### Work instructions
Would you write out every record that follows exactly, with the pictures left out?
==== Input data
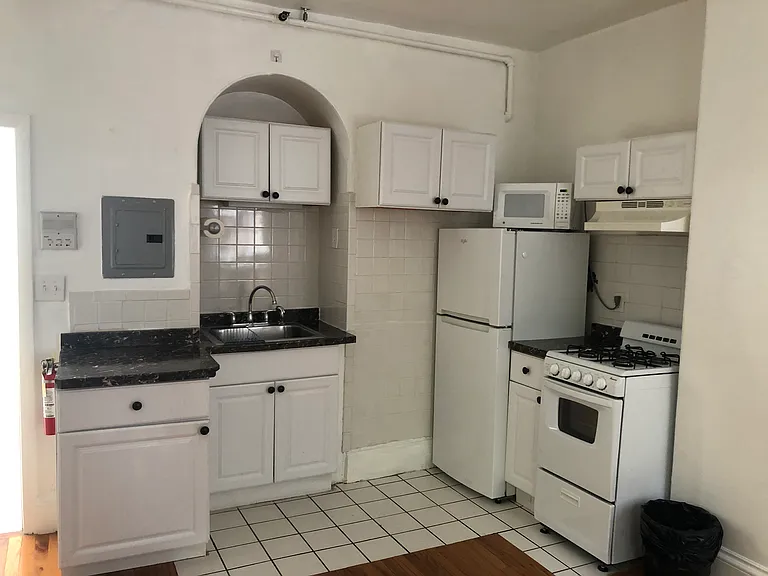 109 Dartmouth St #7 — Photo 8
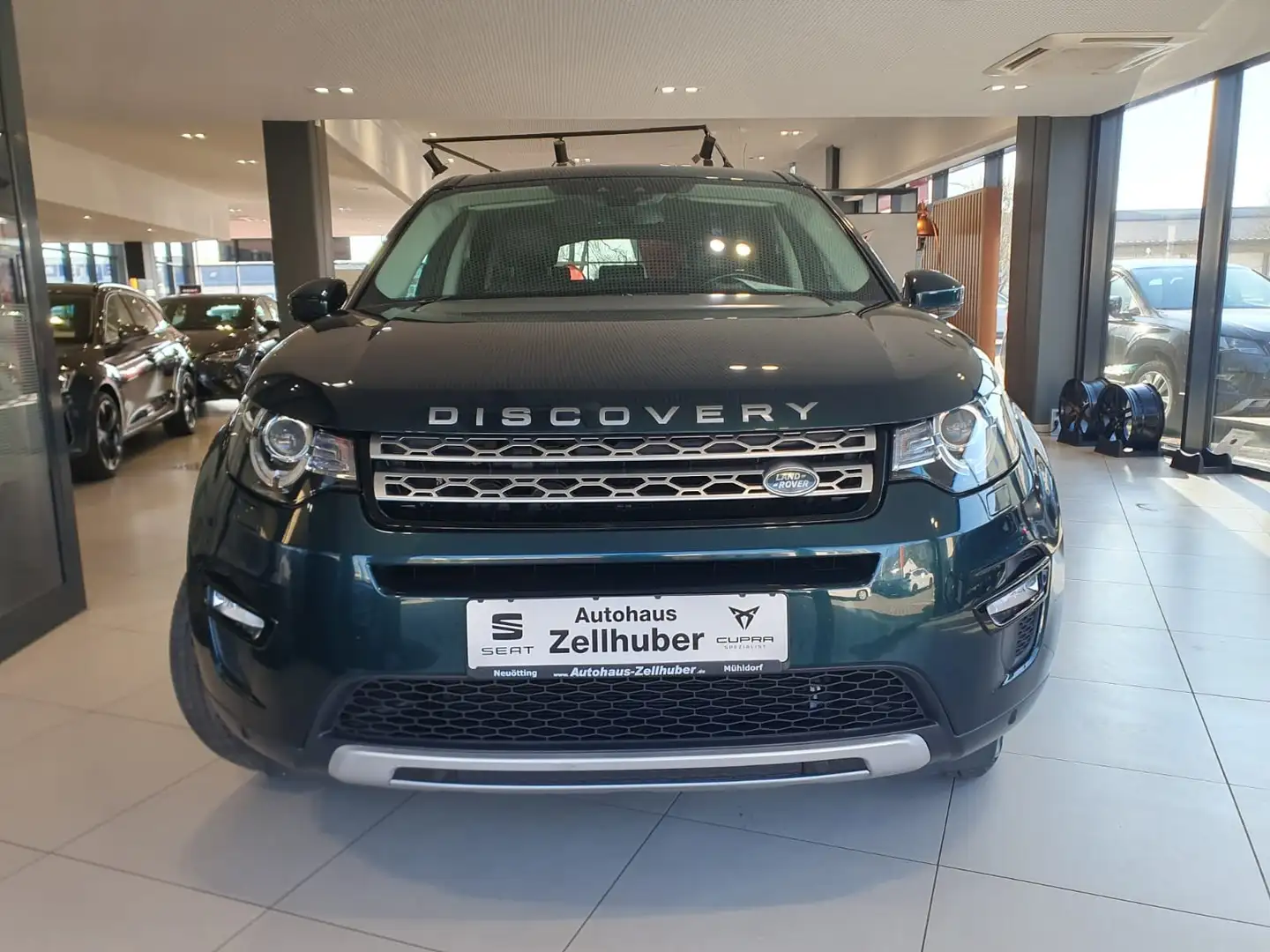 Land Rover Discovery Sport TD4 HSE *7-Sitz*AHK*Navi*Shz* Verde - 2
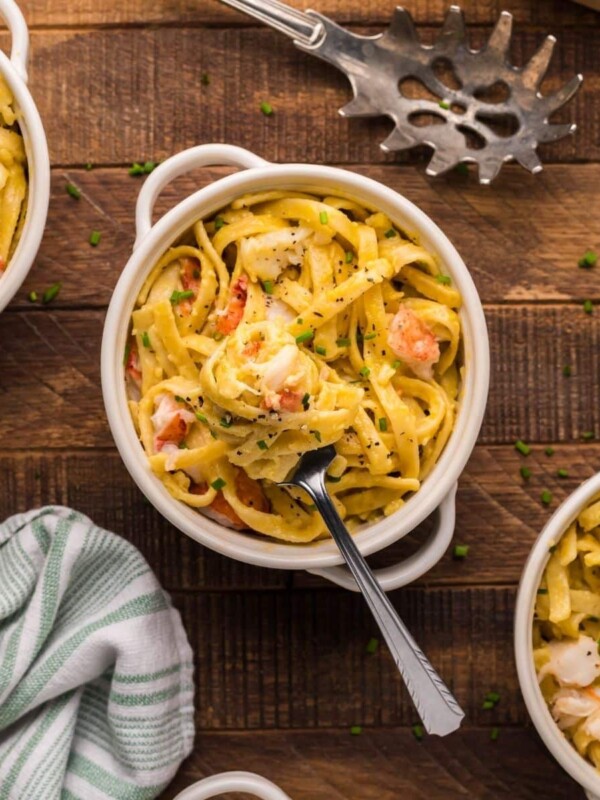 picture of lobster pasta in a white bowl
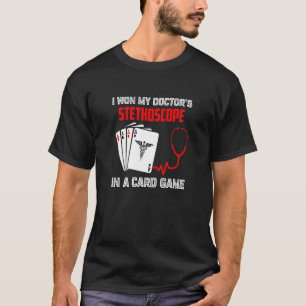 Frauen, die ich in einem Kartenspiel mit meinem Do T-Shirt
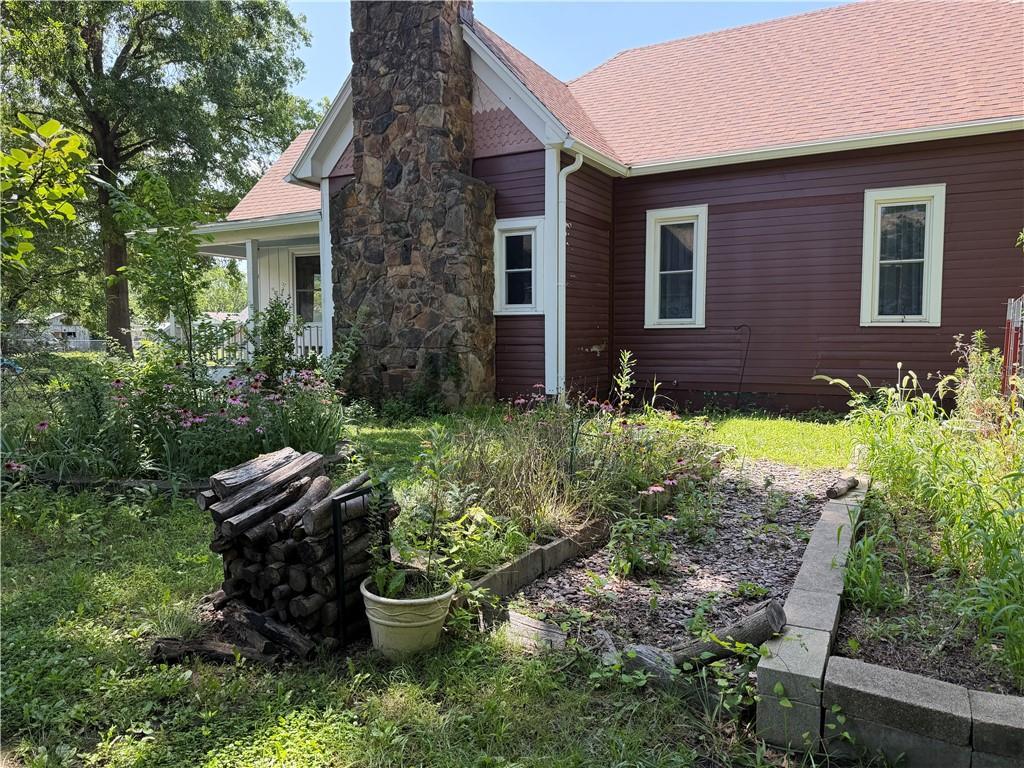 402 S Spring Street Property Photo 3
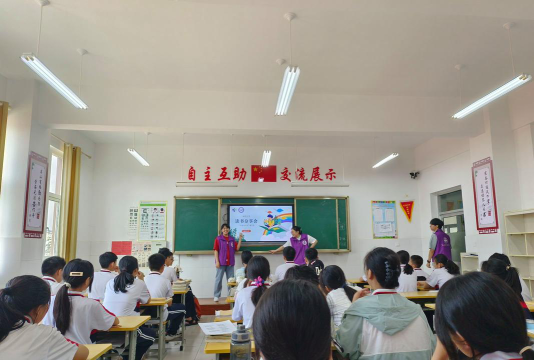 沂堂镇初级中学阅读区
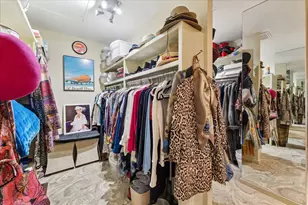 121 N Post Oak Ln, Houston, TX 77024 - Photo 19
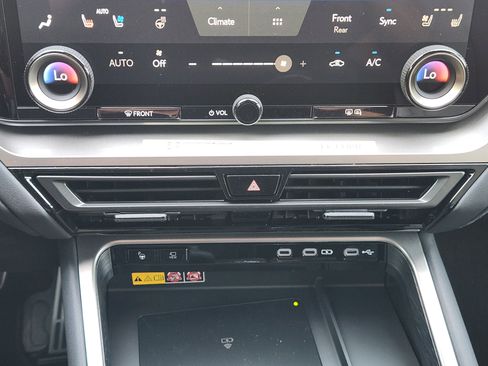 New 2026 Lexus TX 500h AWD image 13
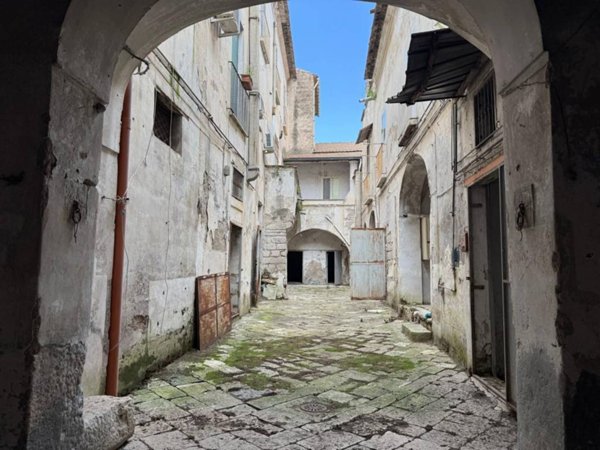 intera palazzina in vendita a Santa Maria Capua Vetere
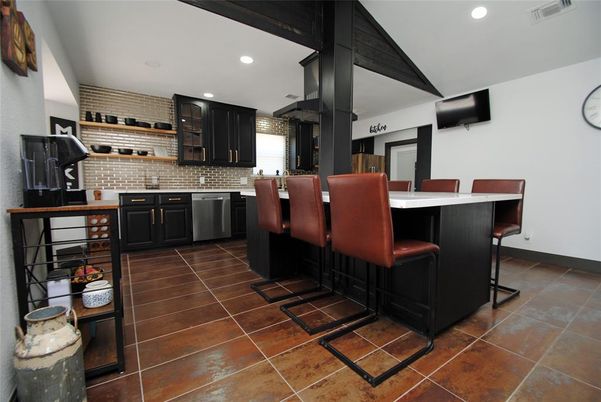 Dining room, Interior, Kitchen, Recessed Lighting, Stainless Steel Appliances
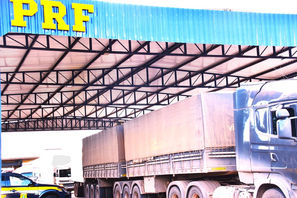 OPERAÇÃO DESCANSO LEGAL: Bitrem 9 eixos é flagrado pela PRF com quase 14 toneladas em excesso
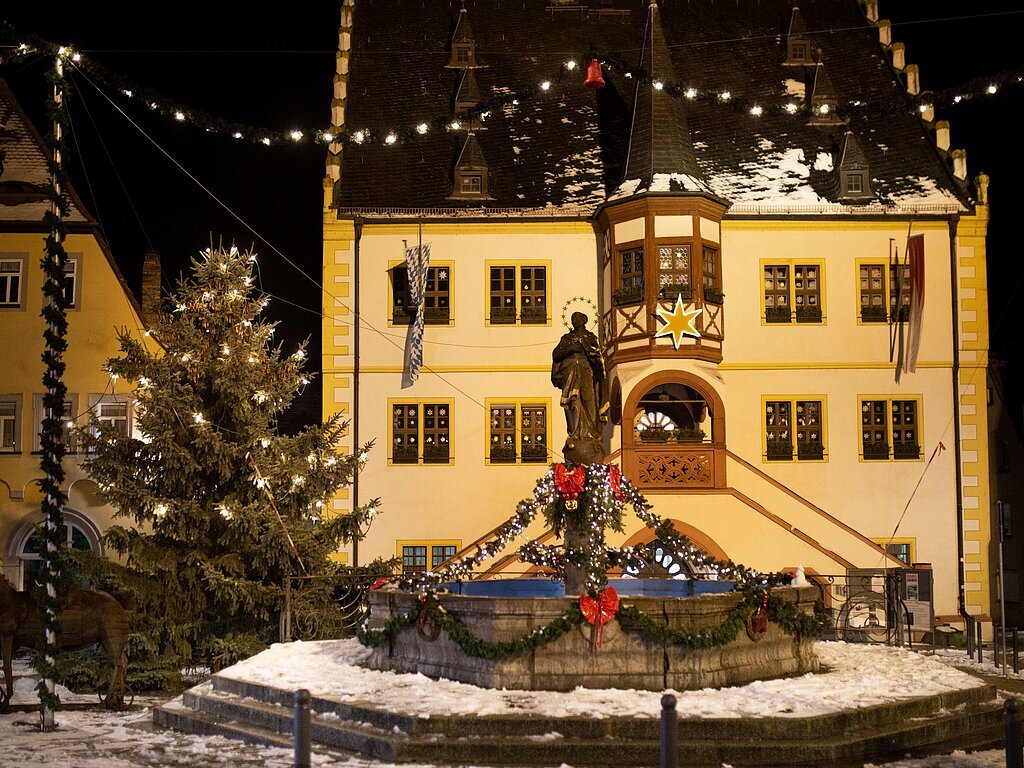10774655_marktplatz-volkach-weihnachtsoptik-foto-kimmel.jpg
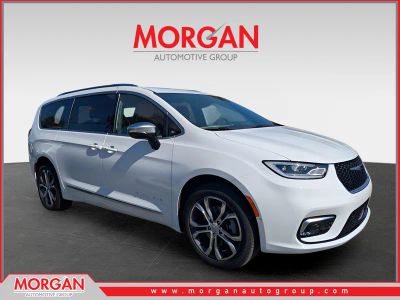 2026 Chrysler Pacifica Pinnacle in White — front three-quarter view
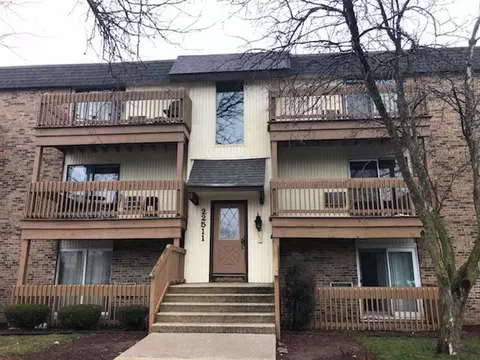 22511 Jackson Ct #2B2, Richton Park, IL 60471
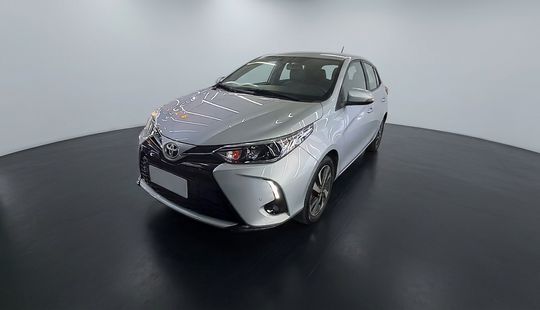 Toyota • Yaris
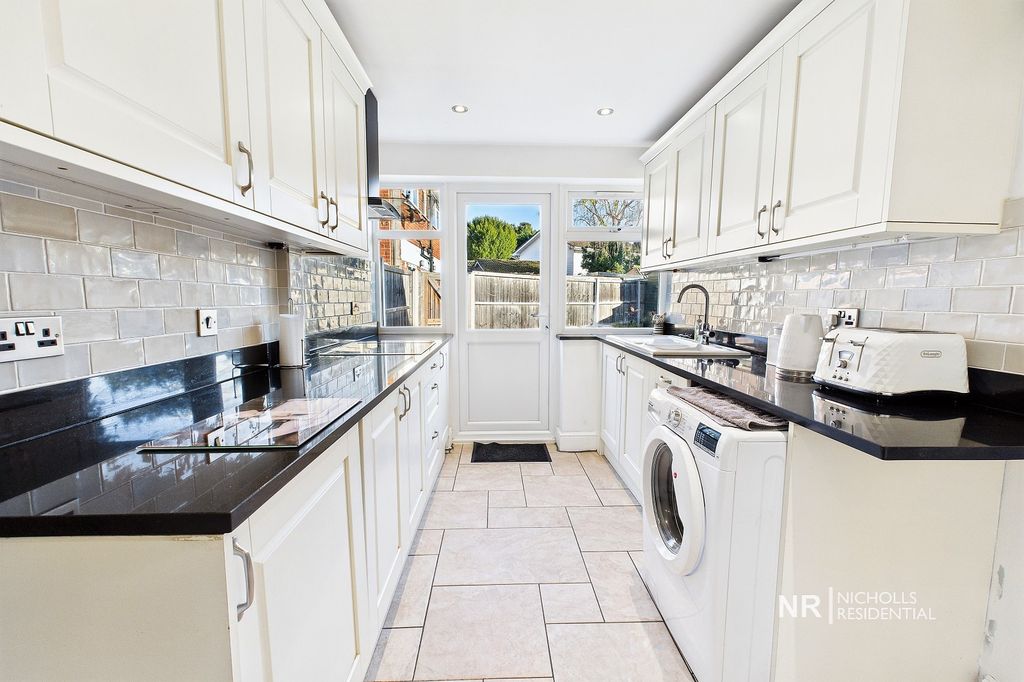 Property photo 2 of 15 Kitchen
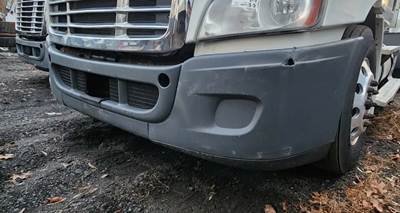 Freightliner Cascadia 113 Front Bumper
========
### Solution for this problem
 109 Dartmouth St #7 — Photo 8
 Land Rover Discovery Sport TD4 HSE *7-Sitz*AHK*Navi*Shz* Verde - 2
 picture of lobster pasta in a white bowl
 Frauen, die ich in einem Kartenspiel mit meinem Do T-Shirt
 402 S Spring Street Property Photo 3
 沂堂镇初级中学阅读区
 121 N Post Oak Ln, Houston, TX 77024 - Photo 19
 New 2026 Lexus TX 500h AWD image 13
 intera palazzina in vendita a Santa Maria Capua Vetere
 Dining room, Interior, Kitchen, Recessed Lighting, Stainless Steel Appliances
 OPERAÇÃO DESCANSO LEGAL: Bitrem 9 eixos é flagrado pela PRF com quase 14 toneladas em excesso
10774655_marktplatz-volkach-weihnachtsoptik-foto-kimmel.jpg
 2026 Chrysler Pacifica Pinnacle in White — front three-quarter view
 22511 Jackson Ct #2B2, Richton Park, IL 60471
 Toyota • Yaris
 Property photo 2 of 15 Kitchen
 Freightliner Cascadia 113 Front Bumper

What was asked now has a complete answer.